**COLLECTED MATERIAL**
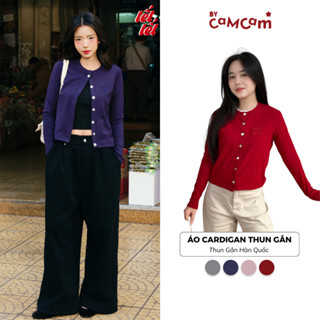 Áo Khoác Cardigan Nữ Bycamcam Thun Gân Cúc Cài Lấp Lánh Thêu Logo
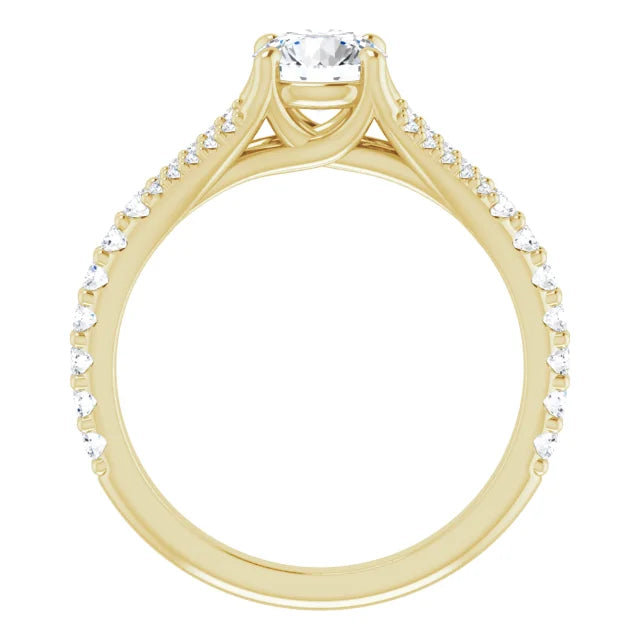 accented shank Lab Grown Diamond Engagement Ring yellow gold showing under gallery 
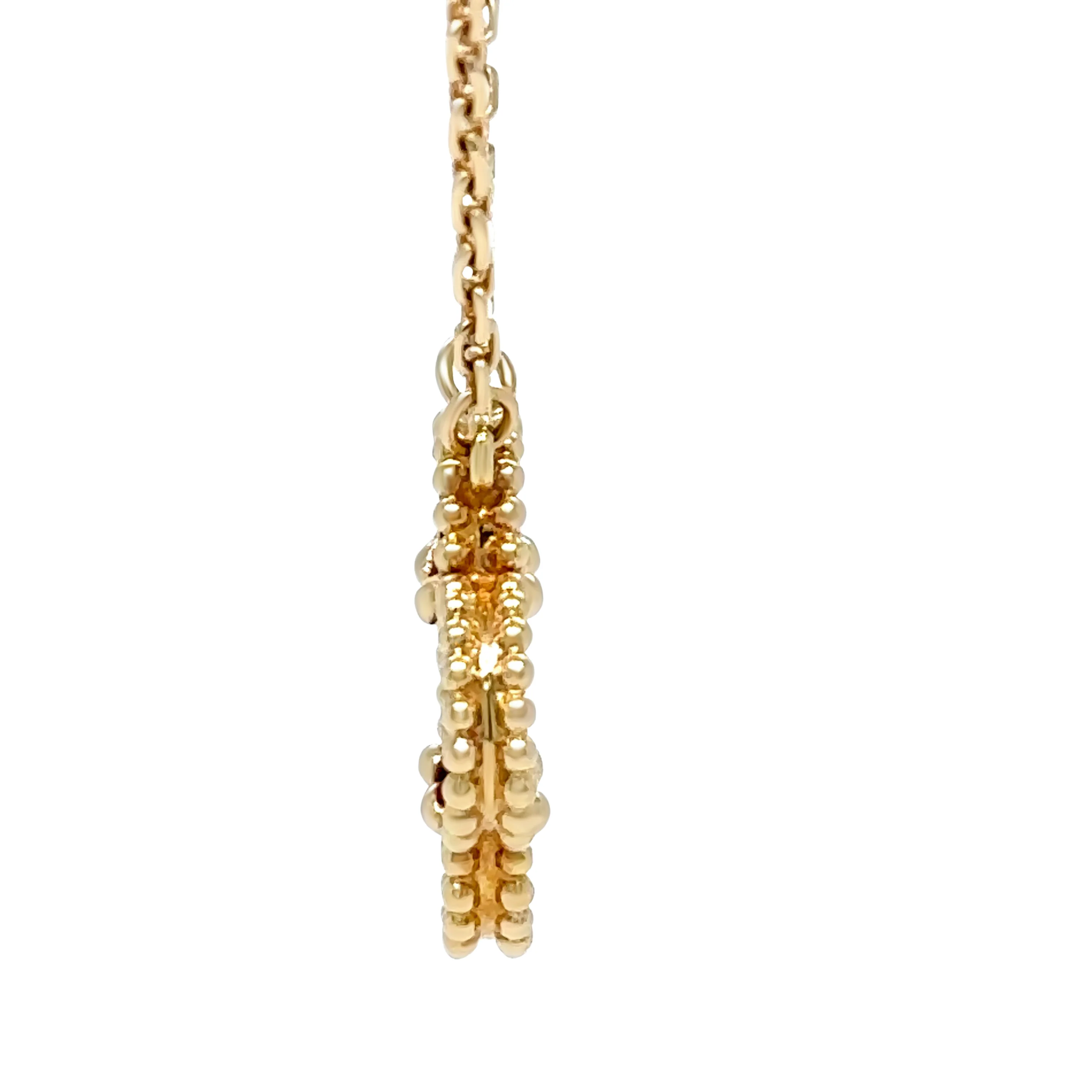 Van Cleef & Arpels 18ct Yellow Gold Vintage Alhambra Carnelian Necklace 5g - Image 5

**INSTRUCTIONS TO FOLLOW**
Return an exact copy of the data above, apart from any pictures.

**THE COMPLETED TASK**
 Áo Khoác Cardigan Nữ Bycamcam Thun Gân Cúc Cài Lấp Lánh Thêu Logo
 accented shank Lab Grown Diamond Engagement Ring yellow gold showing under gallery 
 Van Cleef & Arpels 18ct Yellow Gold Vintage Alhambra Carnelian Necklace 5g - Image 5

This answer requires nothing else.